→ **Task brief**
The lines wanted are those from the one containing "GiGi House 2 - Image 1" to the last line of the entries below; output them exactly, leaving out pictures.

Collection entries:
--- START ---

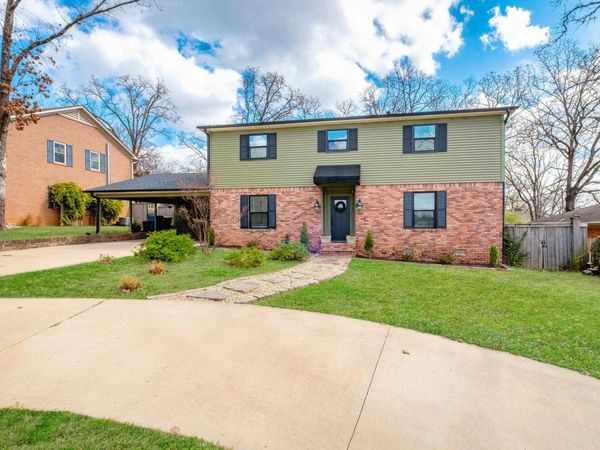 1003 McKinley Street , Little Rock, AR 72207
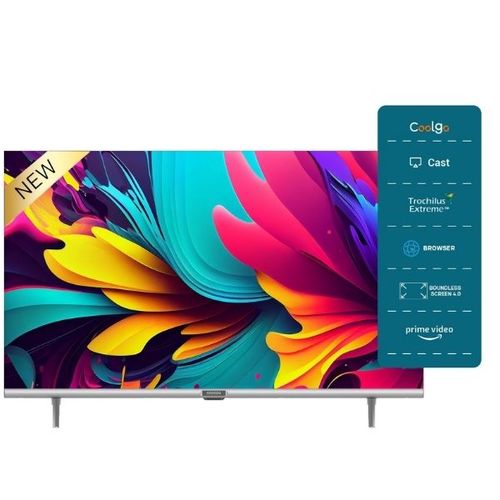 Tivi Coocaa Hd 32 Inch 32R5 (Model 2023)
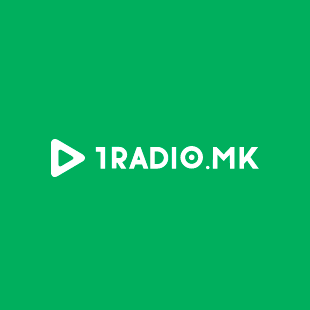 1radio.mk - The Wave Smooth Jazz Radio Logo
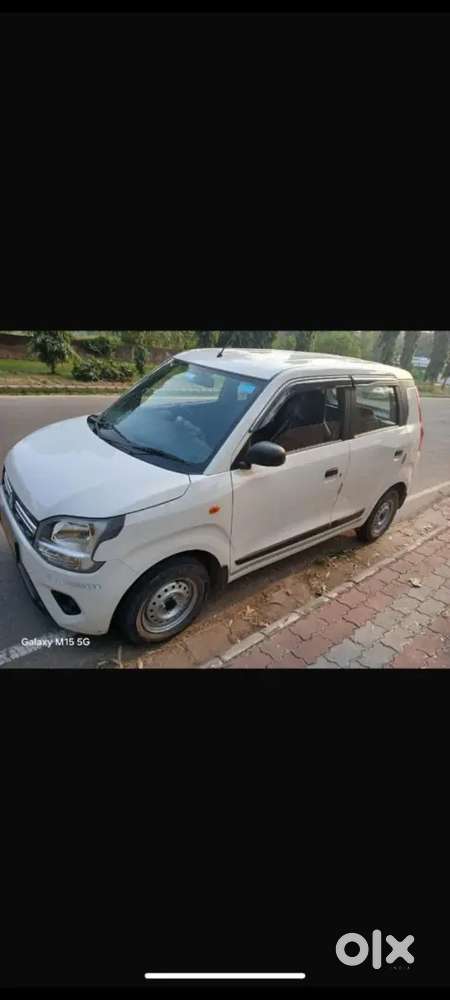Maruti Suzuki Wagon R 2023 Cng & Hybrids 950000 Km Driven
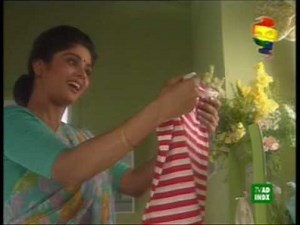 Classic Videocon Washing Machine TVC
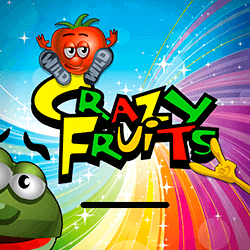 Crazy Fruits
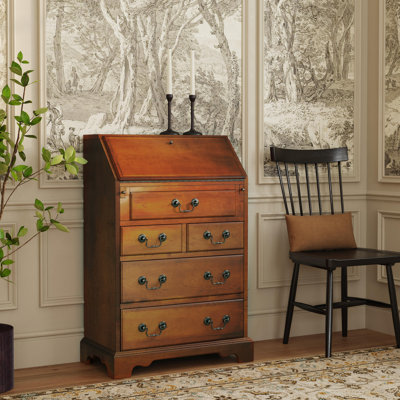 Futral Secretary Desk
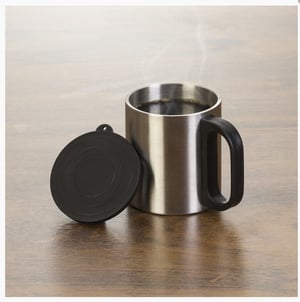 Caneca Inox 180ml
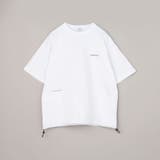 ガーデンポケットTシャツ | coen【men】 | 詳細画像29 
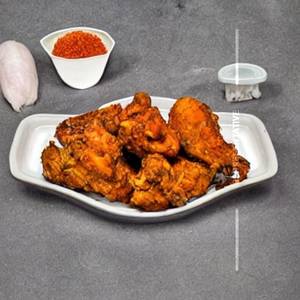 Chicken Basket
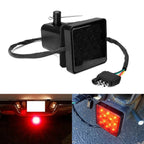 15LED Brake Light Trailer Cover for Towing & Hauling (Fit K)
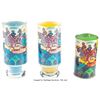 Image 1 : The Beatles Yellow Submarine Set of Three Poster Candles (Concept Development, 1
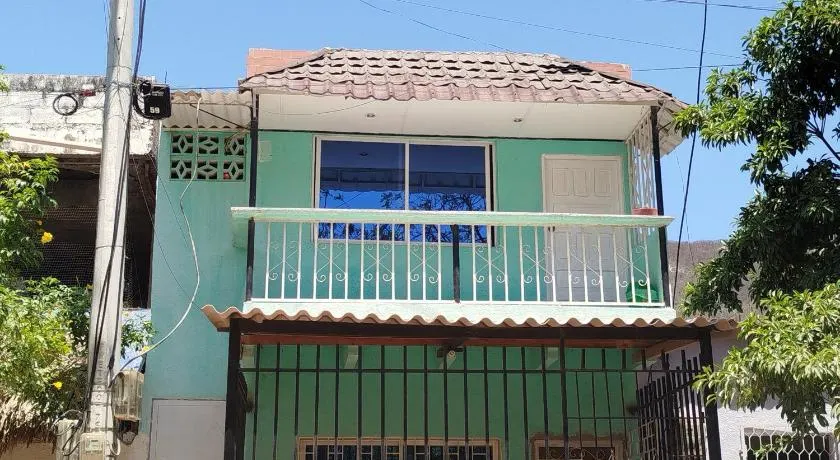 GiGi House 2 - Image 1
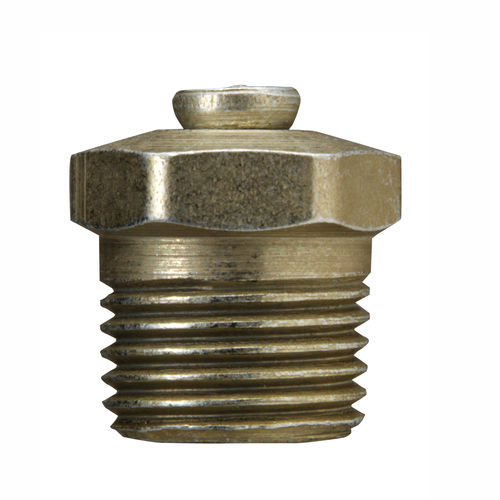 Gewindeanschluss - E series - Alemite - universell / Schmier
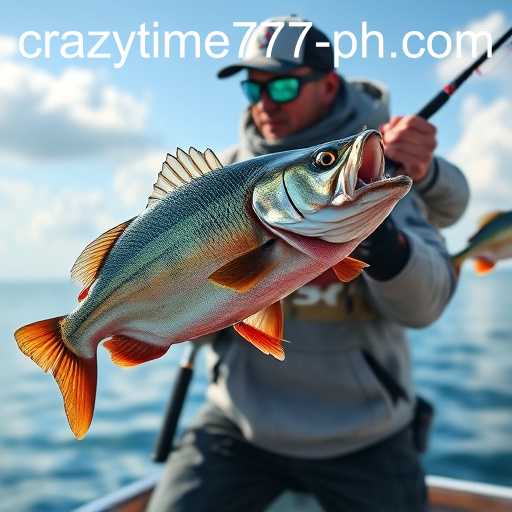 Exploring the Intricacies of Online Fishing: A Deep Dive into the World of crazytime777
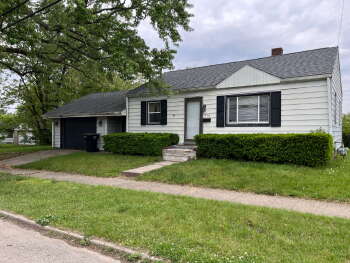 1829 South Jackson Street , South Bend,  46613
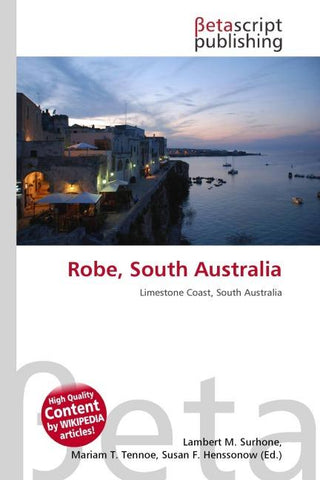 Robe, South Australia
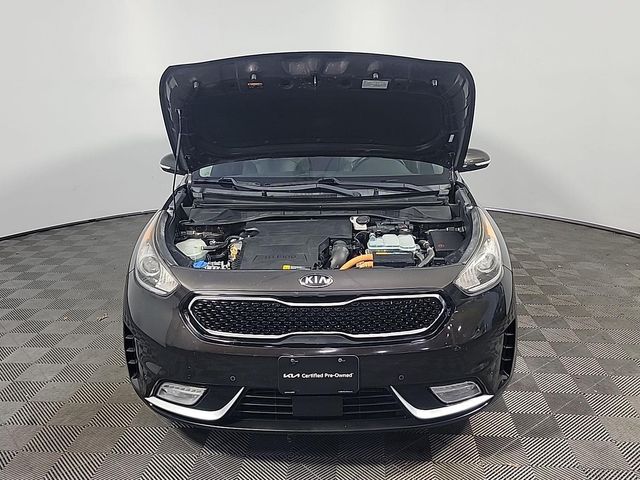 2017 Kia Niro Touring
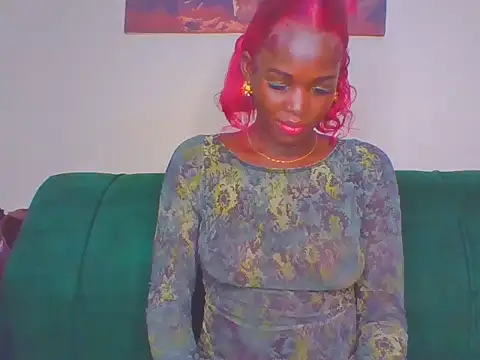 cutesmiling online show from 02.28.26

--- END ---

→ **Response below**
 GiGi House 2 - Image 1
 Gewindeanschluss - E series - Alemite - universell / Schmier
 Exploring the Intricacies of Online Fishing: A Deep Dive into the World of crazytime777
 1829 South Jackson Street , South Bend,  46613
 Robe, South Australia
 2017 Kia Niro Touring
 cutesmiling online show from 02.28.26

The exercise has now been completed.